As revealed by Autosport, F1 CEO Stefano Domenicali and FIA president Mohammed Ben Sulayem are eyeing a reduction in car weight for the next rules cycle in 2026.
F1's current generation of cars has a minimum weight of 798kg, which is the highest they have ever been in the history of the world championship.
With F1 braced for the potential for larger batteries in 2026 as a consequence of a greater contribution from electrical power, there are concerns that cars could get even heavier, which is why efforts will be made to bring things down.
But with the mass of the cars being so high now because of necessary safety devices and the hybrid components, there is some scepticism about how much of a step change can be done to bring the weight down.
Allison has suggested an alternative approach, however, is not trying to mandate specific areas of the car that can be made lighter.
Instead, he suggests that if the FIA simply reduces the minimum weight of the cars, then teams will naturally be forced to find ways to make the cars lighter.
Asked by Autosport about the best way to bring car weight down, Allison said: "I strongly agree with Stefano. He's not alone in thinking that this sort of inexorable upward trend in weight is something that has to be arrested and then reversed because year-on-year they have been getting heavier.
"It isn't super trivial to get the weight moving in the other direction, but it is particularly tricky to dream up technical rules that are going to make the car much lighter.
"The way to make it lighter, I think, is to lower the weight limit and make it our problem. If cars are over the limit, then it forces us all to make some fairly difficult decisions about what we put in our cars and what we don't.

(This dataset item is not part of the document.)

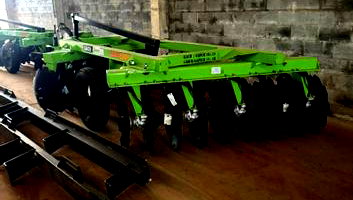 Grade Aradora Intermediária com Controle Remoto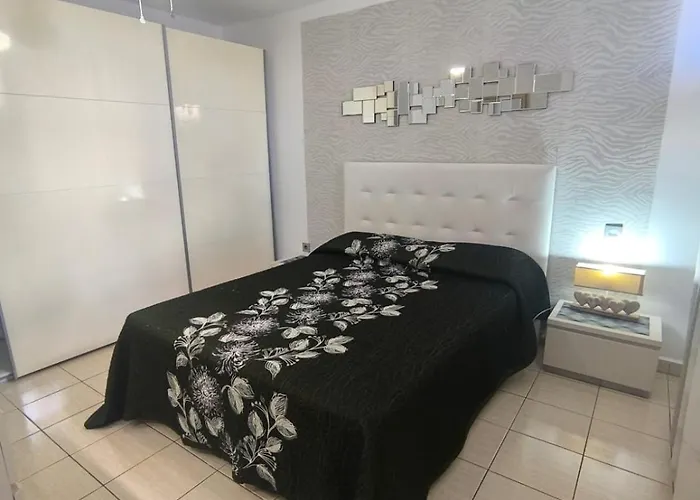 Parque Santiago Americas *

"Not everyone agrees with that point of view. But that is I think the most guaranteed way to put downward pressure on the weight of the car."
Aston Martin's Dan Fallows agreed with Allison's assessment of the situation but said F1 had to make sure that efforts to reduce weight did not end up compromising safety.
"I think there are things that we can probably do in the rules to help," he said. "I think certainly putting the weight limit down is one way of achieving it, but we have to make sure that we don't look to compromise safety in any way by doing that.
"Maybe there are things architecturally we could do that would help. But there certainly is going to be a challenge, and I think there's no doubt that, with the power unit regulations being set the way they are, that makes the challenge even bigger."
Red Bull technical chief Pierre Wache is sceptical that much can be achieved to reduce weight though, as he suggested that indications pointed towards the 2026 power units being much heavier.
"I'm not sure that we will have a significant change, in terms of weight," he said.
"I think the power unit that is defined now is already massively heavier than what we currently have. I think to make it significantly lighter, as mentioned by Stefano, it will be very, very difficult."